*TASK REQUIREMENTS*. Wherever an image appears in the data, omit it and copy all the remaining text word for word.

*INFORMATION PROVIDED*.
****************
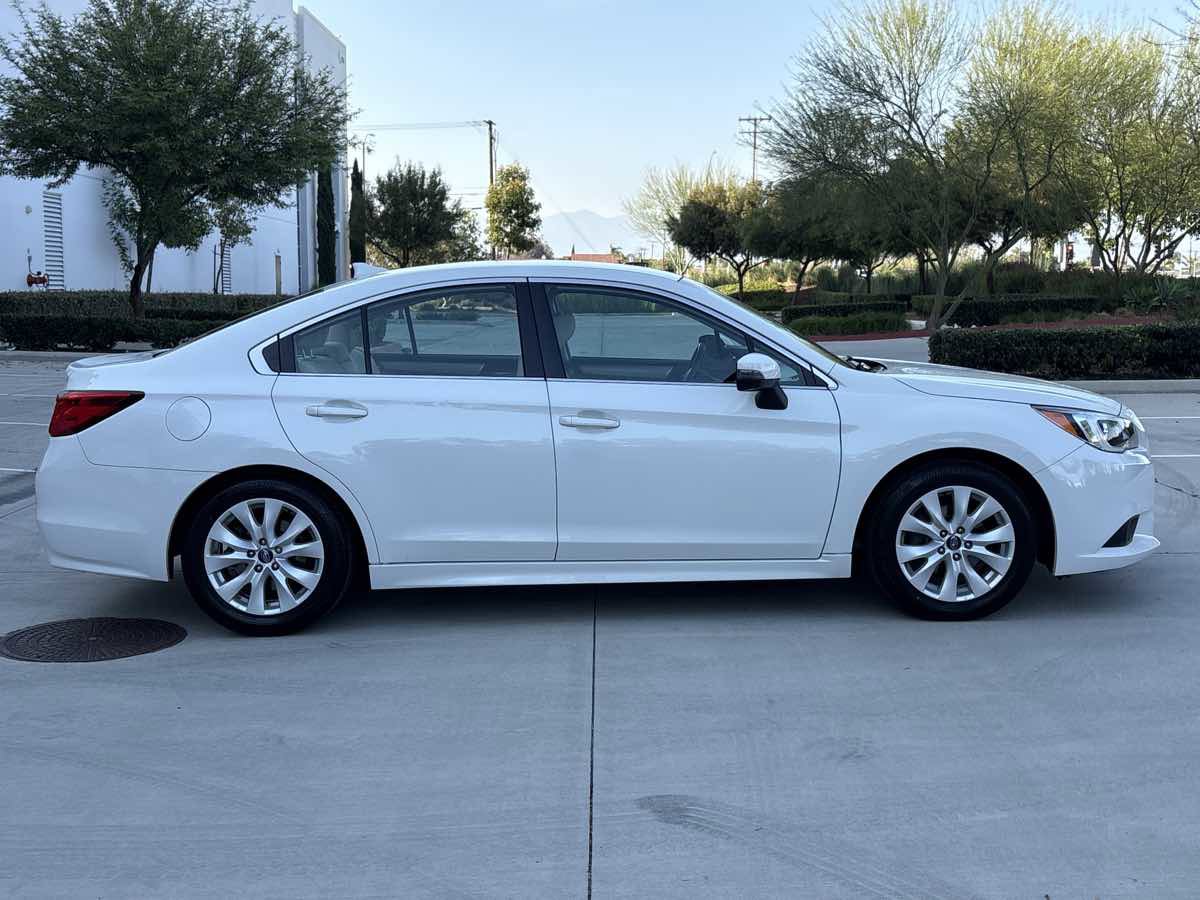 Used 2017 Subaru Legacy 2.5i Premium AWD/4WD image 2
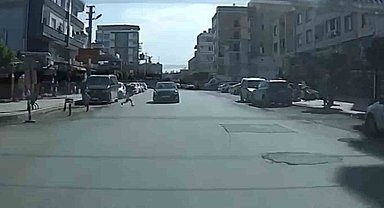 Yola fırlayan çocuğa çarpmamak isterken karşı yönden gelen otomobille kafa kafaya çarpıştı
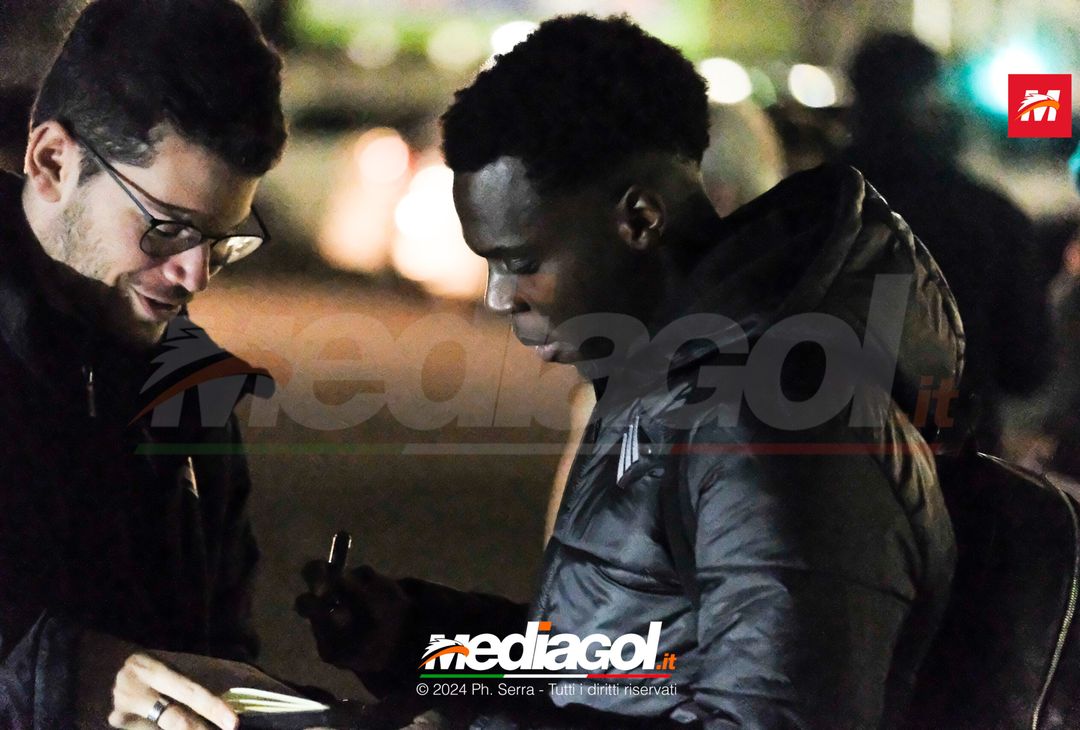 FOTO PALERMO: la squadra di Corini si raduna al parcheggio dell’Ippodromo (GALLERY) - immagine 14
****************
*RESPONSE*.
 Used 2017 Subaru Legacy 2.5i Premium AWD/4WD image 2
 Yola fırlayan çocuğa çarpmamak isterken karşı yönden gelen otomobille kafa kafaya çarpıştı
 FOTO PALERMO: la squadra di Corini si raduna al parcheggio dell’Ippodromo (GALLERY) - immagine 14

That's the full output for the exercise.